Visit your doctor for a simple blood test to determine whether you are deficient in vitamin D before taking supplements. You shouldn't take supplements if your vitamin D levels are normal because too much vitamin D in your system can become toxic.
Check the supplement label for the USP Verified symbol, which shows the product was tested for quality. The label also lists the form of vitamin D in the supplement. They may contain vitamin D-3, called cholecalciferol, or vitamin D-2, which is ergocalciferol. The Office of Dietary Supplements reports that both forms are equal in their ability to increase levels of vitamin D.

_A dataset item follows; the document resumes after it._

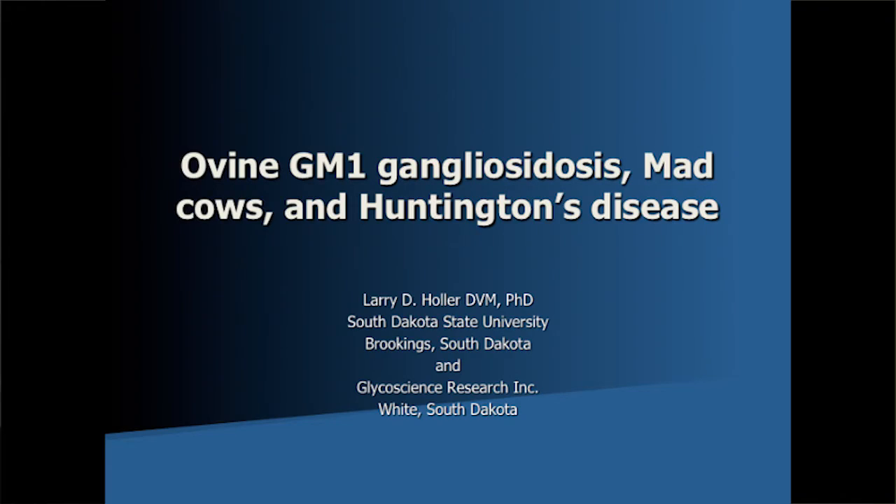I first want to thank you for inviting us here today to learn about a project that we've worked on for over 20 years. I don't think I can answer all your questions in this hour, but we're going to be available this afternoon. You'll find this is kind of a convoluted project. It has lots of twists and had lots of turns: ovine GM1 gangliosidosis, mad cows, and Huntington's disease.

Eat a diet high in magnesium, vitamin A and zinc. These nutrients are needed to support vitamin D's ability to function properly, according to the Vitamin D Council. Magnesium is found in green leafy vegetables, nuts and whole grains. You can boost zinc by eating meat, poultry, seafood and beans. For vitamin A, eat meat, dairy products and orange, yellow and dark green vegetables.
Watch for symptoms of vitamin D toxicity, such as poor appetite, weight loss and frequent urination. In severe cases, high levels of vitamin D can cause an irregular heart beat. To avoid toxicity, never consume more than 100 micrograms, or 4,000 international units of vitamin D daily.

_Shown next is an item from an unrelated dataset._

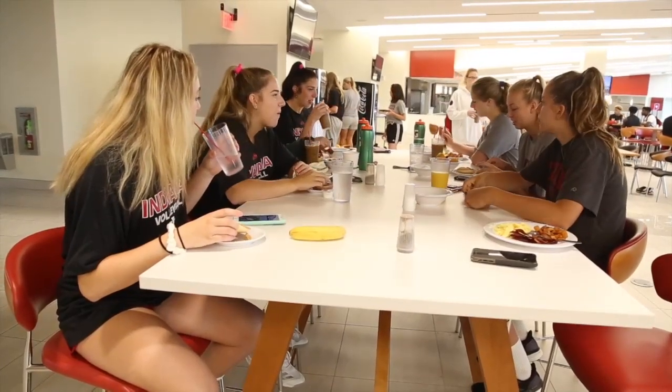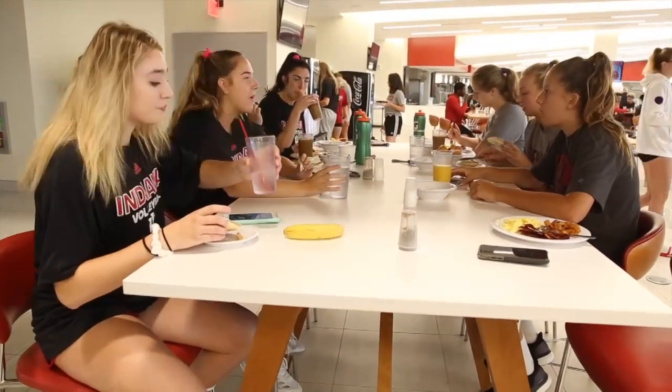This is the Tobias Nutrition Center. This is where we get all three meals during the preseason and it's really great. We're really happy and thankful that we get to come here every day because it's really great food, and our team is here eating breakfast before treatment.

Seek medical attention if you develop symptoms of kidney stones, such as pain in your belly, back, groin or testicles, blood in your urine, chills, fever and nausea. Getting too much vitamin D from supplements can raise your levels of calcium, which increases the risk of kidney stones. Excess calcium can also lead to damage to your heart, blood vessels and kidneys.
Audit your other prescription medications. Corticosteroid, anti-seizure and cholesterol-lowering medications interfere with the absorption of vitamin D. Consult your health care provider to be sure you take the right supplemental dose to counterbalance the impact of these medications.
Speak with your doctor about increasing your dose of vitamin D if you currently suffer from rickets, osteoporosis or other chronic diseases that may be associated with vitamin D, such as heart disease and multiple sclerosis. In some cases, supplementation with high doses may help treat these conditions, according to the Linus Pauling Institute.
The recommended dietary allowance of vitamin D is 15 micrograms or 600 international units daily. Most single-ingredient vitamin D supplements available over the counter contain 10 micrograms or 400 international units of the vitamin. You can take vitamin D supplements with or without food. Follow the directions on the product label.